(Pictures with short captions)

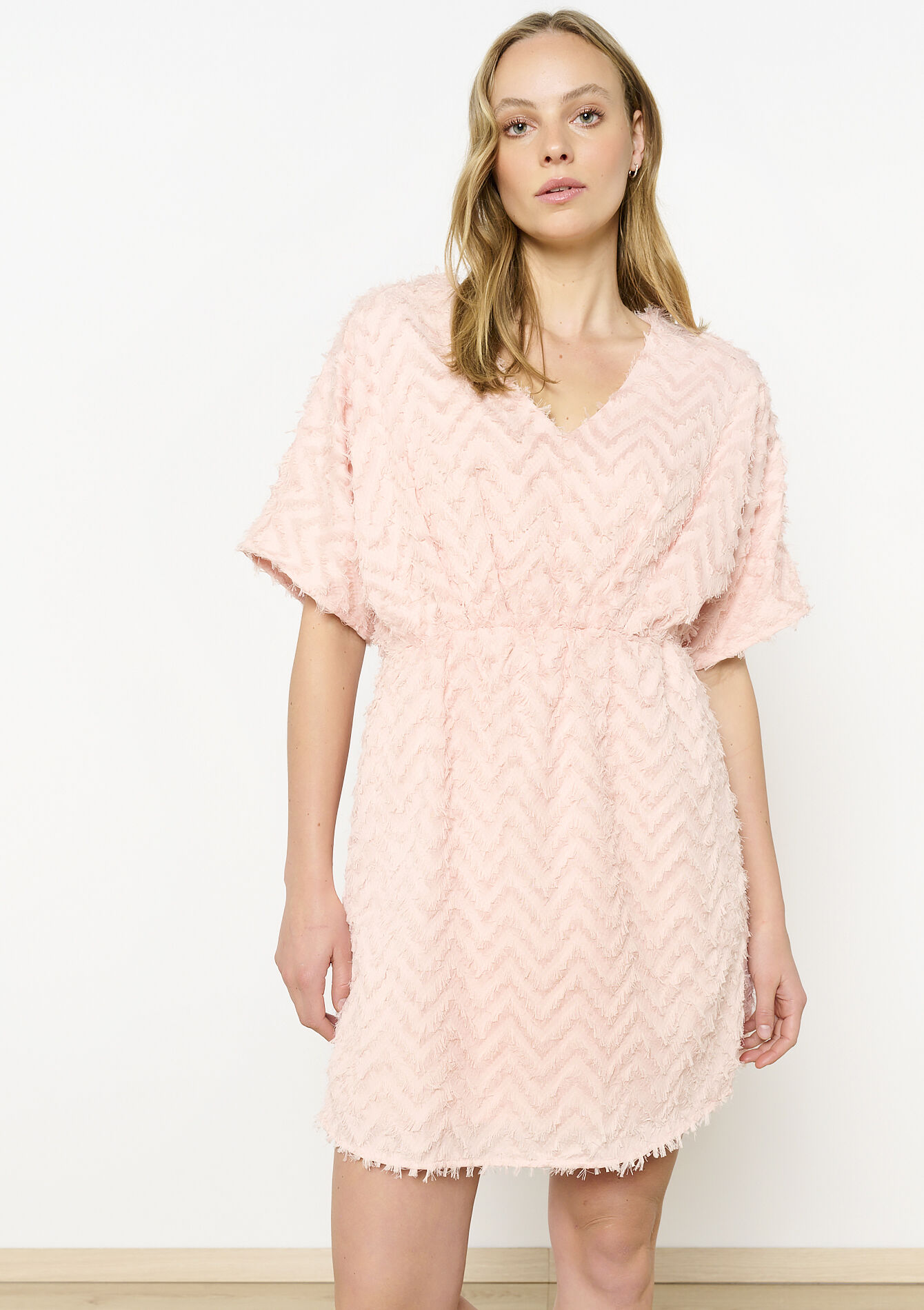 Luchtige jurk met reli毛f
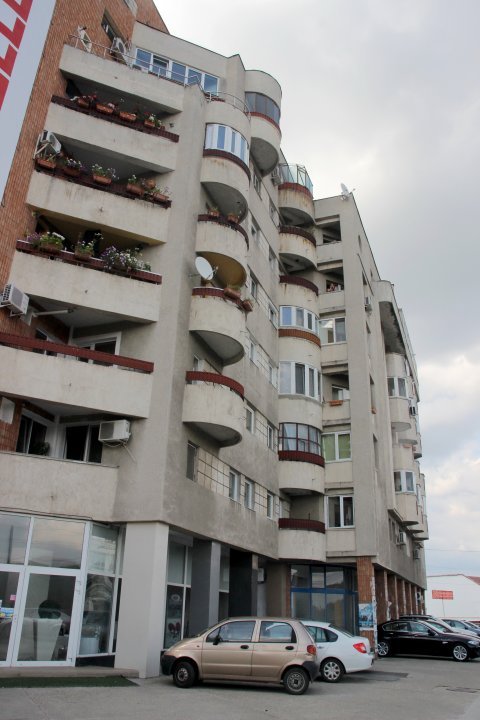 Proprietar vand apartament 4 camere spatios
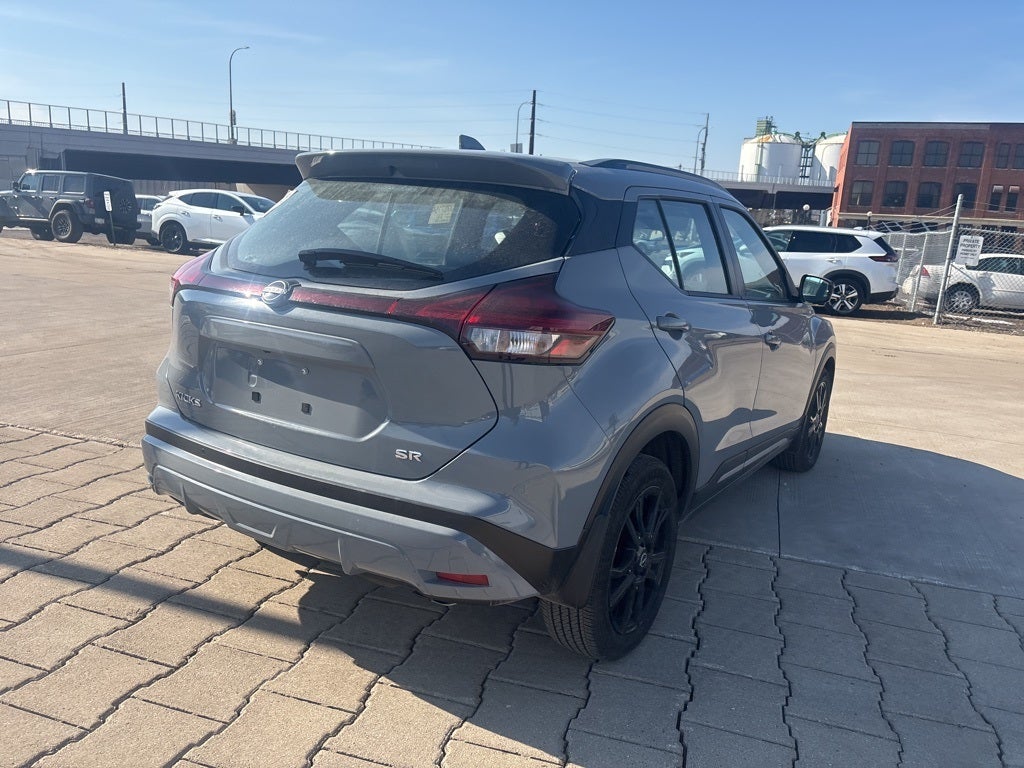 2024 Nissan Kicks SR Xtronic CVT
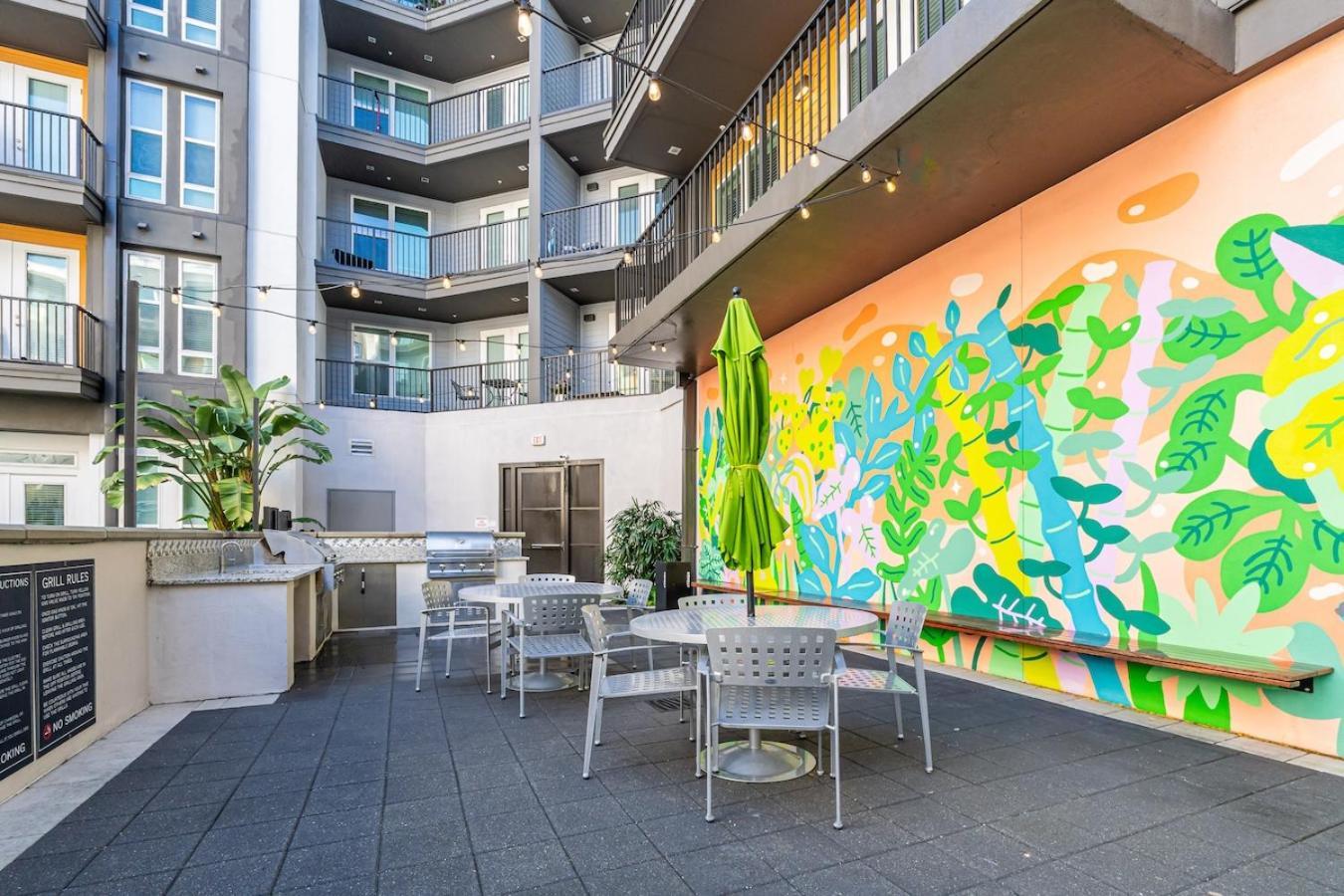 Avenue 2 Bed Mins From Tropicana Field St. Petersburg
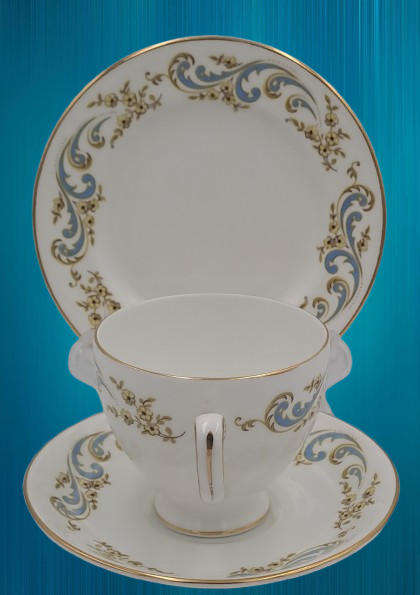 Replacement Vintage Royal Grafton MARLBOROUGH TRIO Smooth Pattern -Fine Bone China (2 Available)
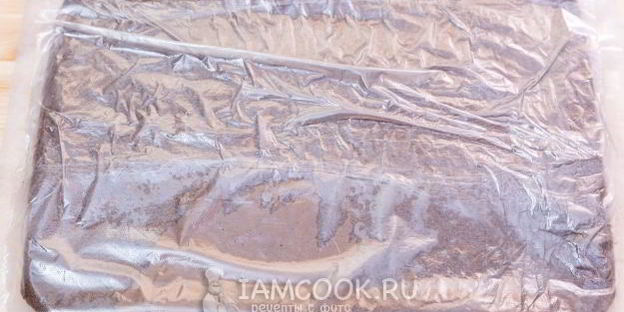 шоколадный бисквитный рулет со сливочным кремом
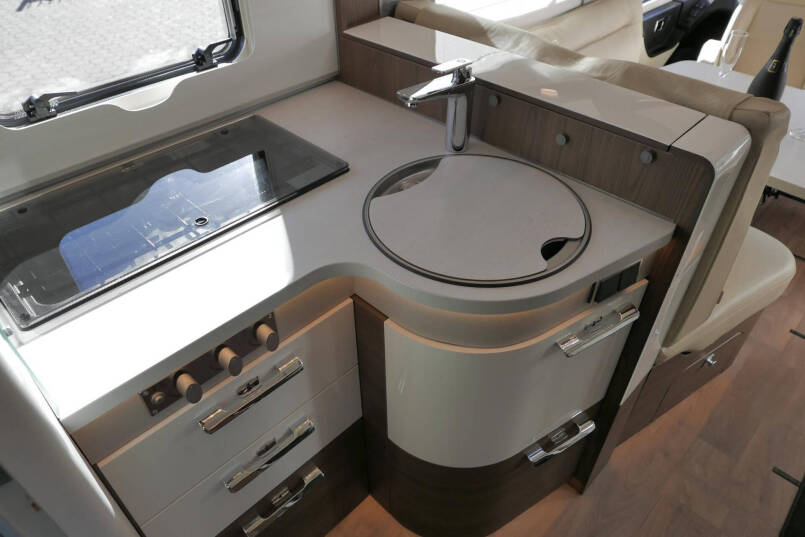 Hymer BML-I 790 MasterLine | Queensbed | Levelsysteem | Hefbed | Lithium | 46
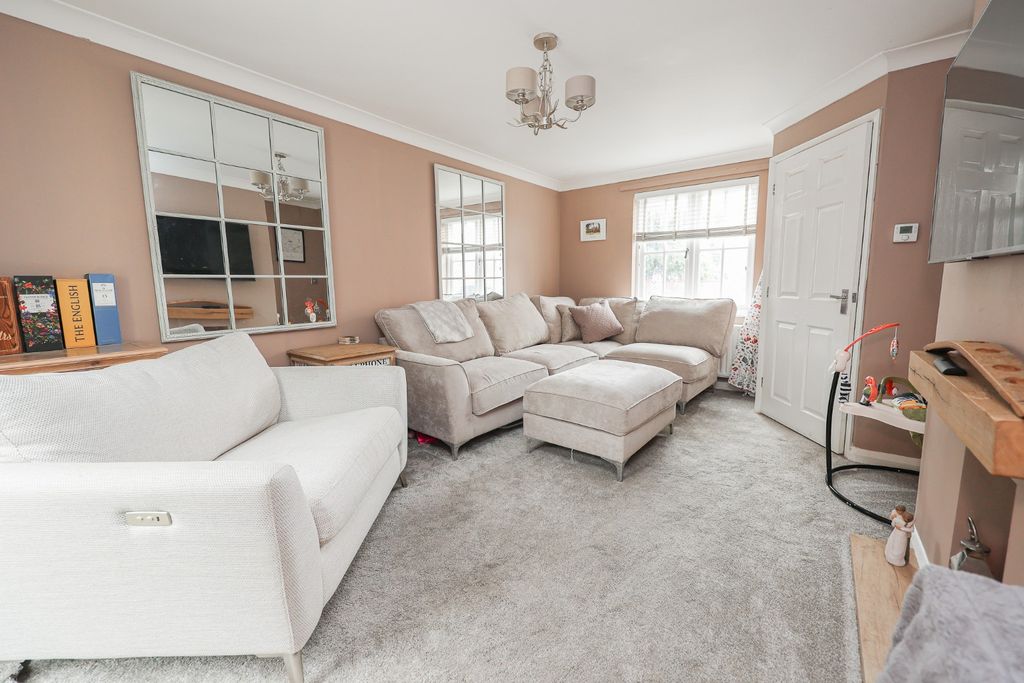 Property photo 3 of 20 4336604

● Exercise description
In the records above, the lines from the one containing "шоколадный бисквитный рулет" through the last line are to be written out exactly, both ends included and pictures omitted.

● Your response
 шоколадный бисквитный рулет со сливочным кремом
 Hymer BML-I 790 MasterLine | Queensbed | Levelsysteem | Hefbed | Lithium | 46
 Property photo 3 of 20 4336604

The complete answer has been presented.